Saturday, November 11, 2017

Eco Handmade Holiday Sale, Dec 2 from 11 am-3 pm at Little City Farm

Join us for the 10th Annual
A little bird told me...
Eco Handmade Holiday Sale here at Little City Farm
Sat, Dec 2 from 11 am-3 pm

Find holiday gifts made with mindful ingredients, upcycled charm, or natural materials.  For the eco-conscious gift giver or gift recipient!

The "A little bird told me..." handmade sale features unique handmade items from 10 local artisans/crafters/bakers. Including organic baked treats, raw chocolate, woolen slippers, pure beeswax candles, functional pottery, wearable art & jewelry from reclaimed wood, natural soaps, herbal salves & oils, herbal drinks and elixirs, sourdough breads, artisan pies, woolen felted toys, children's items and more!  Read all about our vendors here.

Friday, August 04, 2017

Whole Plant Echinacea Tincture

For the past few weeks I have been in awe of the bees in our garden.  The flowers are at their peak, and bees are simply everywhere, bees of every description.  We have seen mason bees, sweat bees, bumble bees, small wild bees, honeybees, squash bees, and many more varieties that I am not yet familiar with.  It feels good to be able to provide this host site for so many foragers, and see them buzzing around with gorgeous pollen on their legs!  Did you know that some bees, such as bumble bees and honeybees, have pollen "baskets", or corbicula, on their hind legs to carry the pollen back to the hive?  You can spot it when the baskets are full, sometimes with yellow, blue, purple or pink pollen, depending what flowers they have been visiting.  Amazing!

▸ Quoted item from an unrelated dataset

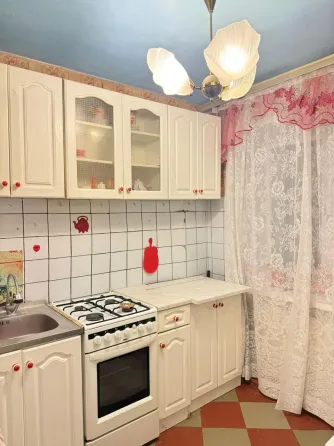 2-комнатная квартира Тверь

When making my whole plant echinacea tincture, it was a beautiful start to see the bees covering the echinacea patch when I went to harvest my flowers and leaves.  I knew this was going to be a potent tincture, ready in time for our family to use this winter.  Just look at the rich yellow pollen in that first photo of the echinacea flower.

How & why to make a whole plant tincture?
Tinctures are plant extracts, commonly made of leaves, flowers, roots or berries, steeping in food grade alcohol such as vodka or brandy.  Raw apple cider vinegar can also be used, but does not provide as long a shelf life for the tincture as the alcohol.  An alcohol tincture, if properly prepared and stored, can keep for many years.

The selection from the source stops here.